**SOURCE MATERIAL**
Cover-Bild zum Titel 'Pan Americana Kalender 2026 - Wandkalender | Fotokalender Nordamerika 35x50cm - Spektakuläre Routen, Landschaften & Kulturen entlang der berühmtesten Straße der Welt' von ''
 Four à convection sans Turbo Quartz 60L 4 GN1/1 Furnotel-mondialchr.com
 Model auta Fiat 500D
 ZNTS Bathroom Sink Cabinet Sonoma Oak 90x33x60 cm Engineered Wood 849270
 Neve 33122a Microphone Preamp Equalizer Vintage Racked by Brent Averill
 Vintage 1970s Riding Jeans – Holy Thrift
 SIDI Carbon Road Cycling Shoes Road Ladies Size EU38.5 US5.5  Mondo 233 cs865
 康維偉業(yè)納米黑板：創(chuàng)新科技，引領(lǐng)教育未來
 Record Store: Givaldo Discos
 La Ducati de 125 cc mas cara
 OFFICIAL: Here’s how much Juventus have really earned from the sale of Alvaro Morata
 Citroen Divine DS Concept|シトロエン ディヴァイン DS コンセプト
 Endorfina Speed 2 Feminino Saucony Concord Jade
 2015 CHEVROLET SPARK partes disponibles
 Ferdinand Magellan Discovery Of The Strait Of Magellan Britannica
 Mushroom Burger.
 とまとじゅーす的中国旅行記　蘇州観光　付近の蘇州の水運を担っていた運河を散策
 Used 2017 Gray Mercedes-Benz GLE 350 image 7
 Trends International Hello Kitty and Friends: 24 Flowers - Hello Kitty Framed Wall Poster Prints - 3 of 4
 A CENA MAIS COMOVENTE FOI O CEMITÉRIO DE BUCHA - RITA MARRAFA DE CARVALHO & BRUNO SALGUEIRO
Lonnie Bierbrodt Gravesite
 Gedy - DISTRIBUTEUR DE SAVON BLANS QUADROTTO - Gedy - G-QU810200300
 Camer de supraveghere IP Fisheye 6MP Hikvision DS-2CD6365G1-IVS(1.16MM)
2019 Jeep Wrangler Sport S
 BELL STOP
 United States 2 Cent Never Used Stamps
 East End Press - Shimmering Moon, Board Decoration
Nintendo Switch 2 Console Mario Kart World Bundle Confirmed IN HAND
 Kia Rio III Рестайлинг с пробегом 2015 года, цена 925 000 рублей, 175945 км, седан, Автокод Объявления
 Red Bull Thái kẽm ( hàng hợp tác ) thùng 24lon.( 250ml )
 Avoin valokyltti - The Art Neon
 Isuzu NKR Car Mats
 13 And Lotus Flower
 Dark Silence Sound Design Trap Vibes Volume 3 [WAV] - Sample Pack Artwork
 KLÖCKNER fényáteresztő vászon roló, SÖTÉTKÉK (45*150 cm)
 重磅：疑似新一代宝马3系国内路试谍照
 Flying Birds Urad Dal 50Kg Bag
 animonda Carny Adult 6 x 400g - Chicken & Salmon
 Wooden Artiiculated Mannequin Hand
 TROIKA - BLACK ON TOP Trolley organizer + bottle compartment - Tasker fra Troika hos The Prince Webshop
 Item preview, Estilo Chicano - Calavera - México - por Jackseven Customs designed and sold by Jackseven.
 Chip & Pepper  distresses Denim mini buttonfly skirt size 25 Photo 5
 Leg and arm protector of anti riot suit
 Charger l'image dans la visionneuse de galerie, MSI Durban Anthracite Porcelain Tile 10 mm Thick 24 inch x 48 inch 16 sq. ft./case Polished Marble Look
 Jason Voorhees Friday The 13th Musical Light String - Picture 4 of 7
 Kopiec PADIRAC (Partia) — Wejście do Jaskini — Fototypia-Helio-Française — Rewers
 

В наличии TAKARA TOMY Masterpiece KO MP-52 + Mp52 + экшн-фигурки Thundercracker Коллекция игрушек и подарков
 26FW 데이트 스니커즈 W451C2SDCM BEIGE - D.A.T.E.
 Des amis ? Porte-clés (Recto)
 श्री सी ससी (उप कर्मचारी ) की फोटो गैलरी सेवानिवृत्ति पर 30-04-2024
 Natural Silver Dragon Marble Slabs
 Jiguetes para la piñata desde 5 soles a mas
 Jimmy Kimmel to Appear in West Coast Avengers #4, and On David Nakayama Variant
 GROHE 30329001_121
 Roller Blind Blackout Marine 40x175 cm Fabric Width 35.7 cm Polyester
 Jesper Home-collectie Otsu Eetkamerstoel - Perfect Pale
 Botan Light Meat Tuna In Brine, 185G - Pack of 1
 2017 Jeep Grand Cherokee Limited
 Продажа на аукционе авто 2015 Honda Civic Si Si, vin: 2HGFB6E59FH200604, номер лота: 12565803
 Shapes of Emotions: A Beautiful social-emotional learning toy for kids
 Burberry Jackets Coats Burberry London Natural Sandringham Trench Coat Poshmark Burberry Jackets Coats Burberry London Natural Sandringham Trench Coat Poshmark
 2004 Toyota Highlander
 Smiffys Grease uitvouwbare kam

**YOUR ASSIGNMENT**
The required answer is the run of lines above, starting at the line with "Avoin valokyltti - The Art Neon" and ending at the line with "Flying Birds Urad Dal 50Kg Bag", reproduced exactly with both ends.

**RESULT OF THE EXERCISE**
 Avoin valokyltti - The Art Neon
 Isuzu NKR Car Mats
 13 And Lotus Flower
 Dark Silence Sound Design Trap Vibes Volume 3 [WAV] - Sample Pack Artwork
 KLÖCKNER fényáteresztő vászon roló, SÖTÉTKÉK (45*150 cm)
 重磅：疑似新一代宝马3系国内路试谍照
 Flying Birds Urad Dal 50Kg Bag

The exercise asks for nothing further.